Now the BNPL giant is said to be in market again, this time with a portfolio of term financing loans it is looking to sell.

This is a much easier proposition that a portfolio sale on short term BNPL products — you really need to structure BNPL facilities with lots of revolving flexibility, whereas term financing loans might end up with anyone who’s axed in consumer credit. The sale is, in theory, to keep the firm well-supplied with growth capital.

There’s a certain plausibility to this approach. Klarna grew truly monstrous during the tech boom years (look at the €46bn valuation!), but in these more troubled times, it may not have the capital to be everything it was before.

Is it a bank, a lender, a tech firm, a “platform”, an origination engine, a set of retailer relationships, a slick marketing effort?

Whatever it decides to be, perhaps its no longer the best owner for a fat slug of high risk loans, and would be better off focuses on the tech/origination/relationship part.

Even the down-round valuation of $6.5bn is arguably kinda punchy for a negative Ebitda business (you can buy one of the top mortgage lenders in the UK for £300m?) but if it’s justified at all it’s justified by the extraordinary dominance Klarna has achieved.
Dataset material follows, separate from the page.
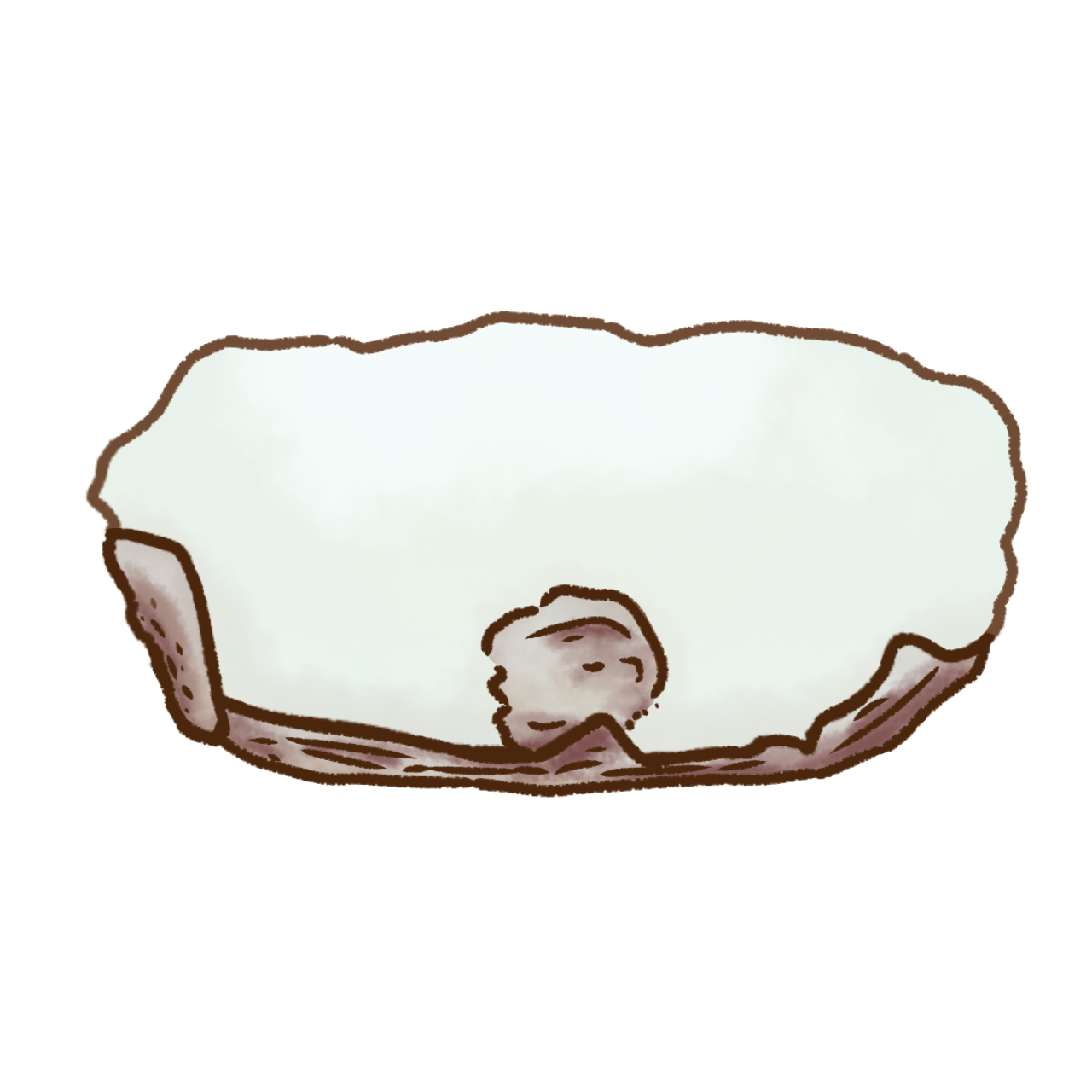Porcelain Shard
The value of the business is in the fact that Klarna is everywhere, popping up and suggesting a tiny taste of consumer credit at every online point of sale on the internet; if it’s going to weather this particular storm it needs to double down on that dominance….and fund that through the sale of the stuff that might have a better owner, rather than shaking the tin with the venture capitalists again.

We should note here that Klarna didn’t respond to my request for comment on this….the above is my surmise, as per usual. Comments highly appreciated though!